▶ WHAT TO WORK ON
An exact copy of the data is required, with no pictures in it.

───── MATERIAL FOR THIS TASK ─────

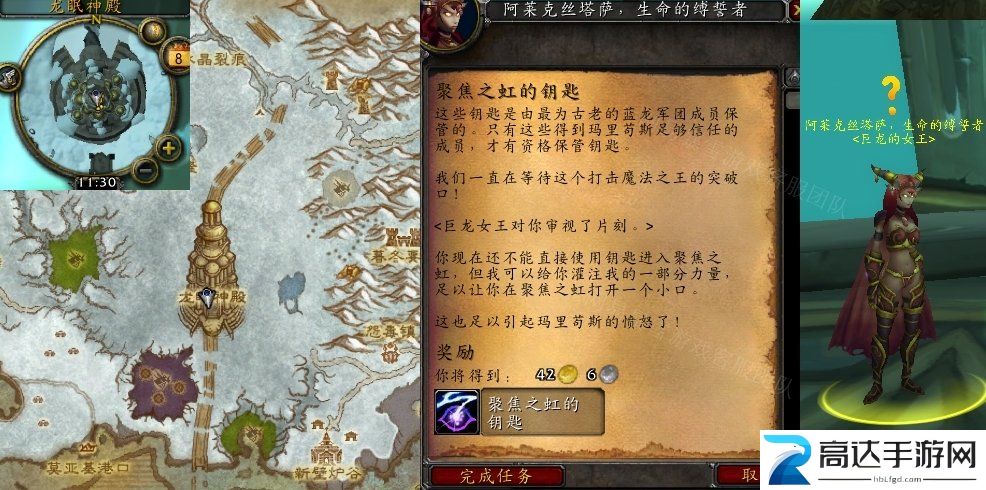 魔兽世界聚焦之虹的钥匙怎么获得 聚焦之虹的钥匙获得方法分享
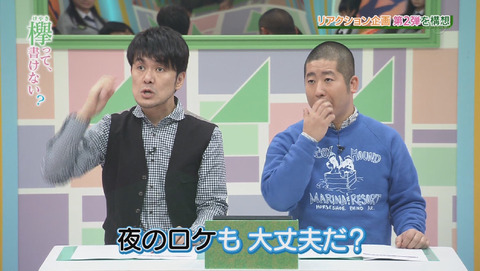 bandicam 2015-12-28 02-00-09-439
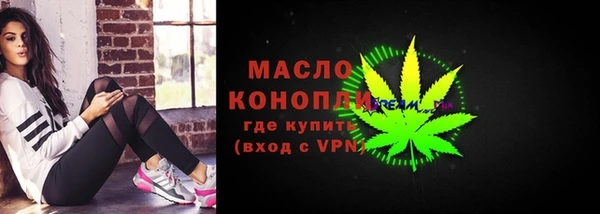 каннабис Вязьма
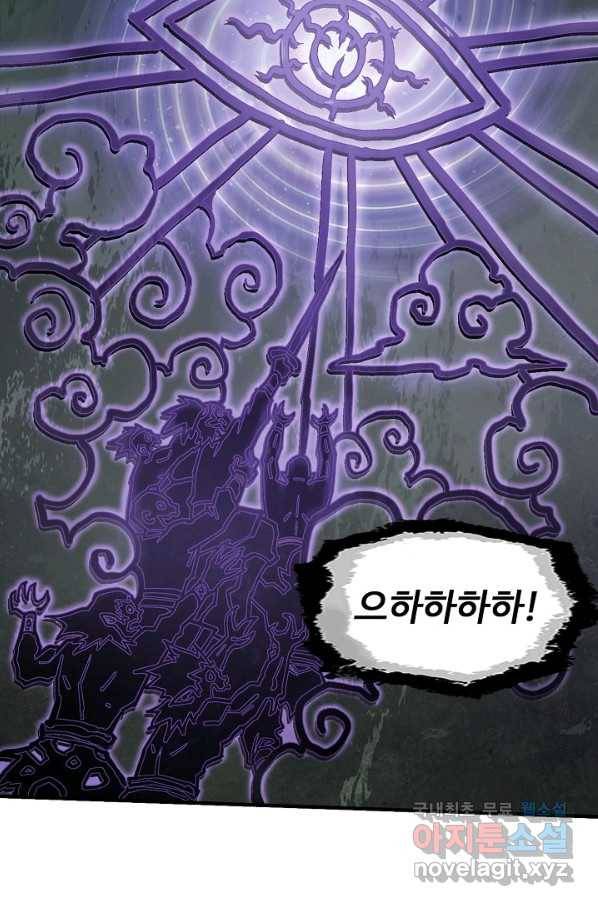 미녀 사부들에게 길들여지는 법 76화 72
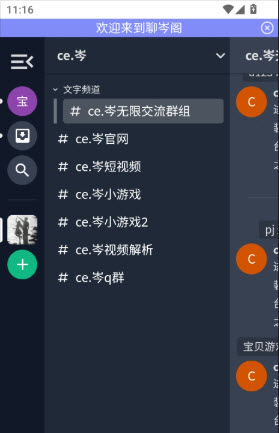 ce.聊岑阁资源库下载官方正版-ce.聊岑阁(小岑社区)2025安卓最新版下载v1.0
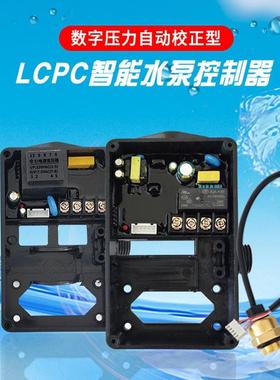 水泵控泵制器缺水节潜保护EKB全自动调增压开关水泵改装关水停机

─────

▶ RESPONSE
 魔兽世界聚焦之虹的钥匙怎么获得 聚焦之虹的钥匙获得方法分享
 bandicam 2015-12-28 02-00-09-439
 каннабис Вязьма
 미녀 사부들에게 길들여지는 법 76화 72
 ce.聊岑阁资源库下载官方正版-ce.聊岑阁(小岑社区)2025安卓最新版下载v1.0
 水泵控泵制器缺水节潜保护EKB全自动调增压开关水泵改装关水停机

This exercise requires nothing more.